GitLab Cuts 14% of Its Staff, Exits 22 Countries To "Bet the Company" on AI Agents
GitLab announced on June 2 that it will lay off roughly 350 employees, about 14 percent of its workforce, and withdraw from 22 countries as part of a restructuring the company calls "GitLab Act 2": a pivot toward an "agentic era" in which autonomous AI agents handle much of the coding, reviewing, and deploying that human engineers do today. The company will flatten management layers and reorganize research and development into roughly 60 teams. (Source: TechCrunch)
GitLab expects about $33 million in pre-tax restructuring charges, mostly severance, and said it will reinvest the majority of the savings into AI initiatives rather than margins. The cuts landed despite strong results: first-quarter revenue of $264.2 million, up 23 percent year over year, beating estimates, with the company raising its full-year profit guidance. The layoffs were announced the same week as the earnings beat. (Source: The Next Web)
The cuts arrive against a body of evidence that AI layoffs do not pay off. A Gartner study of more than 300 executives at companies with at least $1 billion in revenue found that workforce-reduction rates were nearly identical between firms reporting higher AI returns and those seeing modest gains or worse. "Many CEOs turn to layoffs to demonstrate quick AI returns; however, this disposition is misplaced," said Gartner analyst Helen Poitevin, who found the highest-performing companies used AI to amplify workers rather than replace them. (Source: Gartner)

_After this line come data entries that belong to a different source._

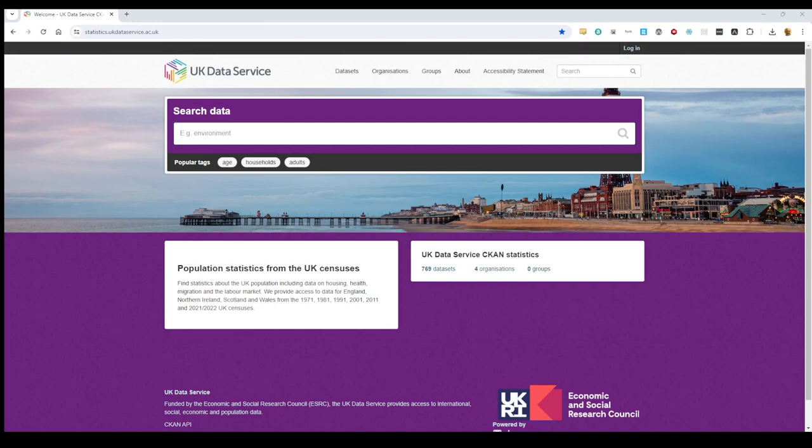In this little exercise we're going to find 2022 census data for Scotland at 2024 Westminster constituency levels. So we're going to click on datasets.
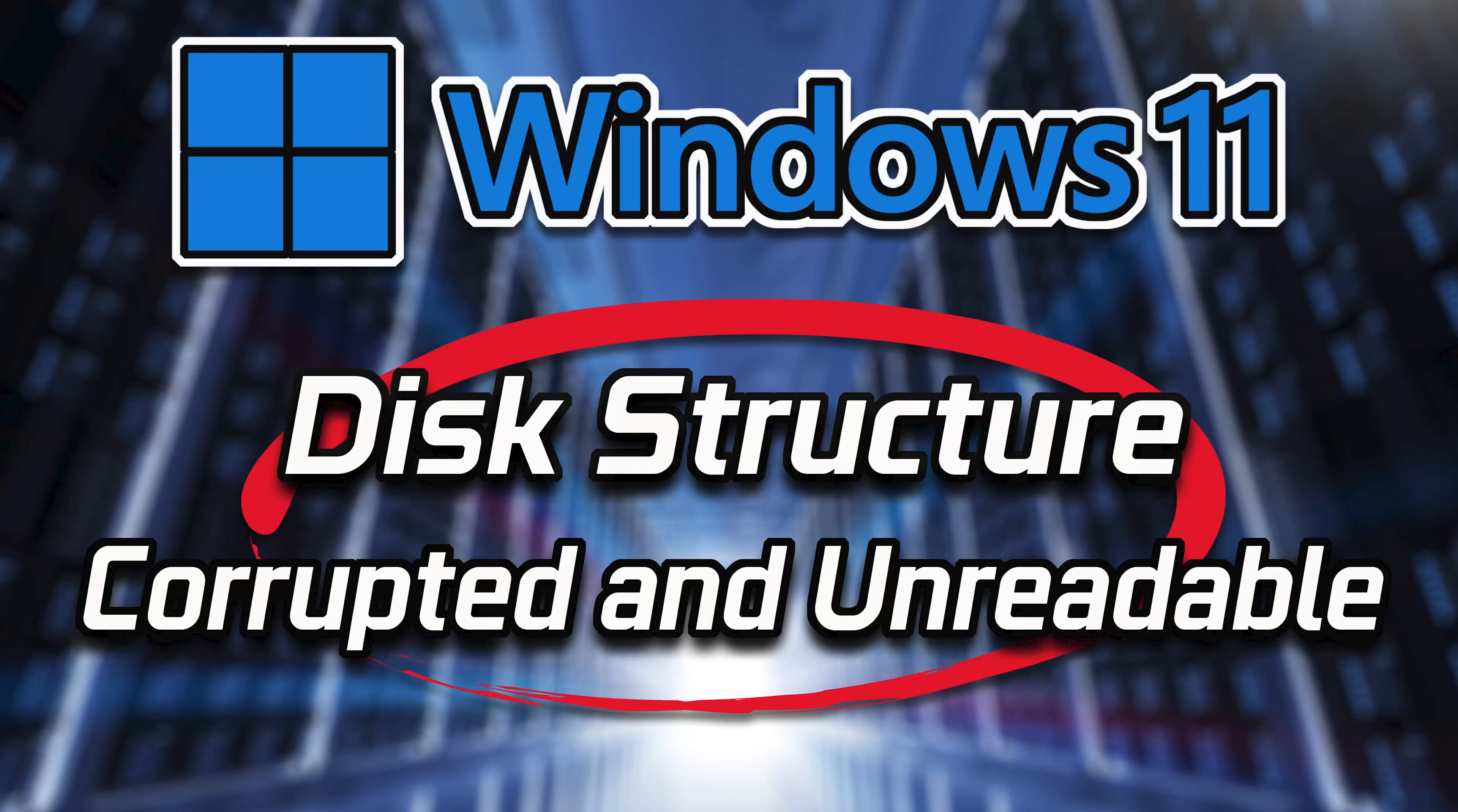If you're encountering challenges when attempting to remove your Xbox controller from a Windows 10 system, there are various factors that might contribute to this matter, such as conflicts within drivers that might impede the smooth uninstallation process. So here are some steps you can take to troubleshoot the issue.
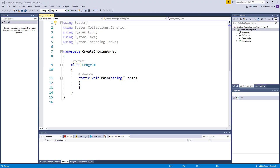We currently have a problem where we don't always know how big the array is going to be while we're writing the code. Using the C# knowledge that we have from the previous course, I want to try to fix this problem by building a custom class that can hopefully accomplish our goals.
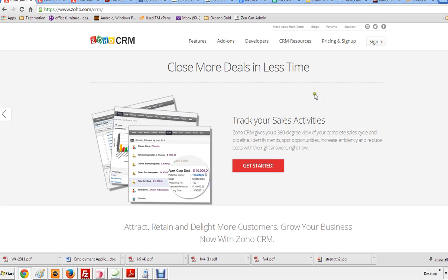And that will take you to this page. Then you want to click on sign in here. You don't want to press this because we already have a login. So you just press sign in here.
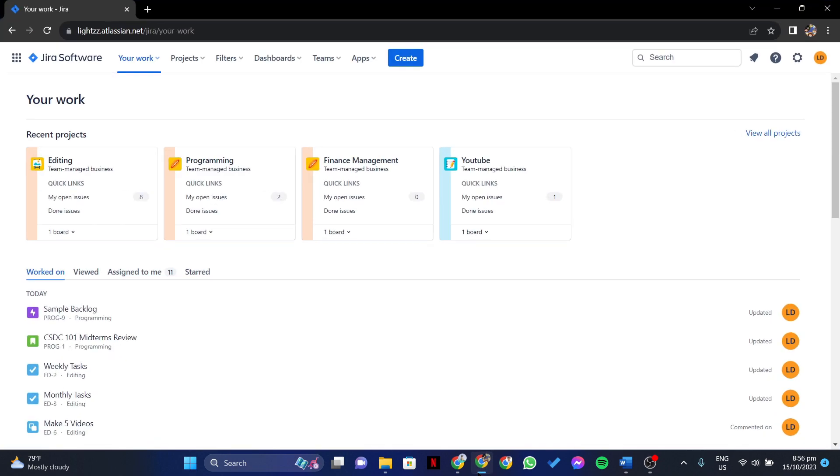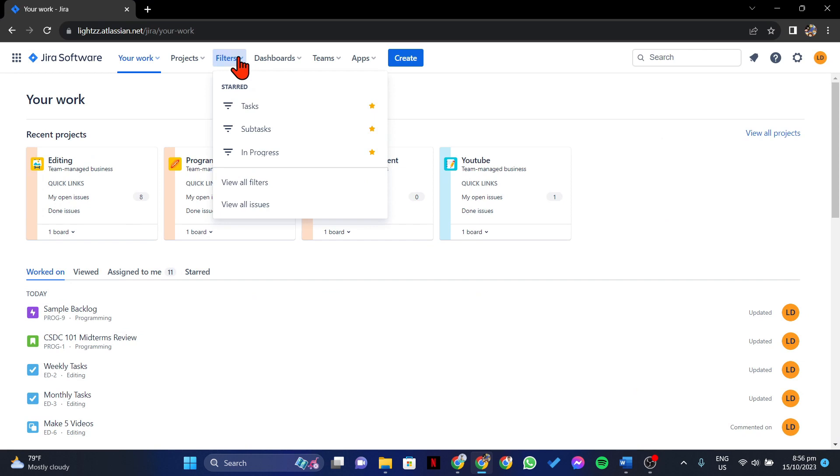First, open your browser and log in to your account. Once you log in, click on this Filters tab, and in this drop-down menu, select this View All Issues option.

GitLab is one of a growing list. As of June, 55 percent of U.S. layoff rounds in 2026 explicitly cited AI, automation, or machine learning, affecting more than 152,000 workers across 135 companies — even as analysts warn of "AI washing," in which firms blame AI for cuts whose real drivers are overhiring or investor pressure. Total AI-linked job cuts in 2026 had already surpassed the combined totals of 2024 and 2025. (Source: Fortune)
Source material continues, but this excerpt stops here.